**Task details**
In the entries that follow, the first line to write out is the one containing "NMTKHMBX1KR077722 TOYOTA C-HR 2019", and the last is the one containing "Aviation Part 6C2510-133ELEX". Reproduce that stretch exactly, with nothing before or after it.

**Records for the task**
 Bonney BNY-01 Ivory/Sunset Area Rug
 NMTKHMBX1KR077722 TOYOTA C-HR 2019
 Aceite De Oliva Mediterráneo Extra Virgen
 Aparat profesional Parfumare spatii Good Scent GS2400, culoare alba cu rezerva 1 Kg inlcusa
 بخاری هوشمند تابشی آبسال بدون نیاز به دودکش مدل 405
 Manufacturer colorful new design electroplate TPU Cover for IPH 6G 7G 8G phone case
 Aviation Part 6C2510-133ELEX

---

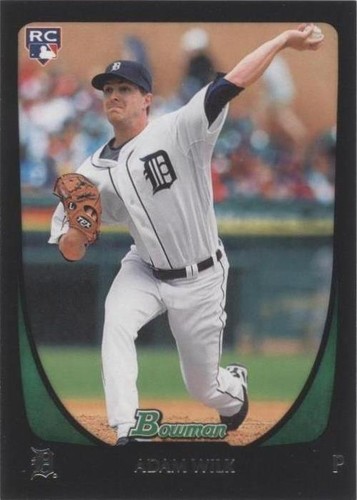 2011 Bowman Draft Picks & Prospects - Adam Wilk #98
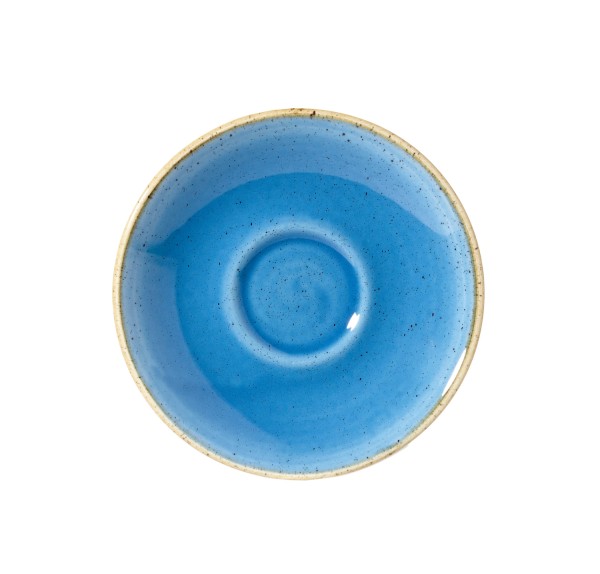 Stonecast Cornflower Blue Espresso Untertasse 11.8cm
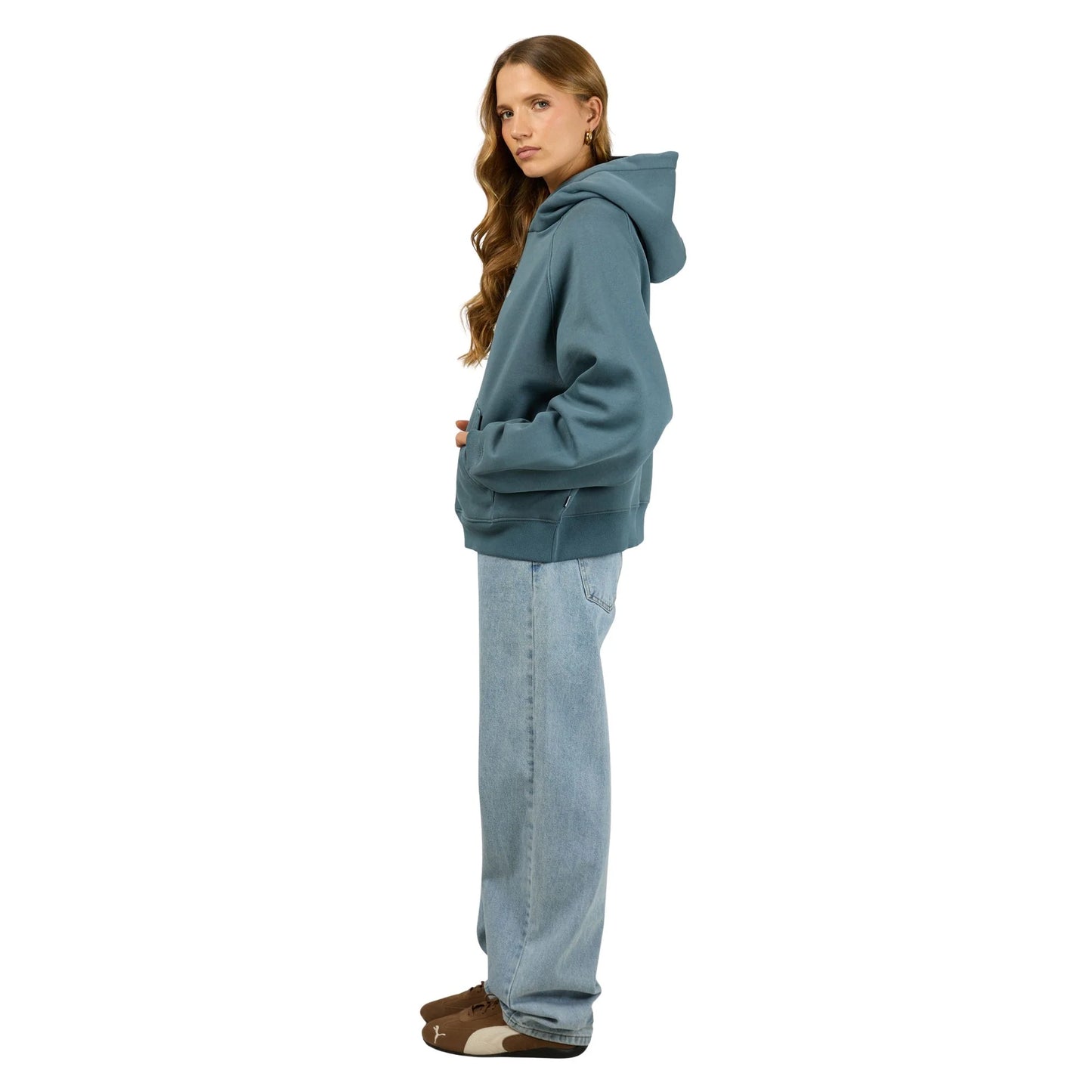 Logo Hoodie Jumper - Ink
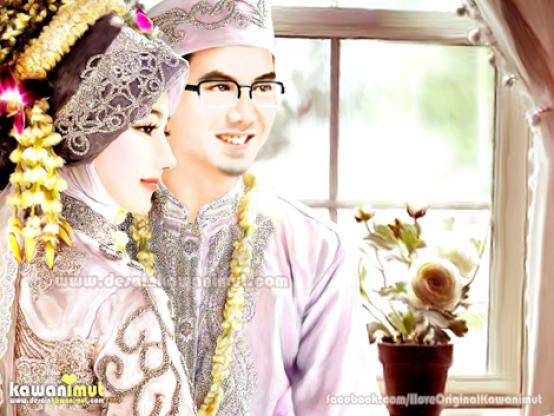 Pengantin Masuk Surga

**Task result**
 NMTKHMBX1KR077722 TOYOTA C-HR 2019
 Aceite De Oliva Mediterráneo Extra Virgen
 Aparat profesional Parfumare spatii Good Scent GS2400, culoare alba cu rezerva 1 Kg inlcusa
 بخاری هوشمند تابشی آبسال بدون نیاز به دودکش مدل 405
 Manufacturer colorful new design electroplate TPU Cover for IPH 6G 7G 8G phone case
 Aviation Part 6C2510-133ELEX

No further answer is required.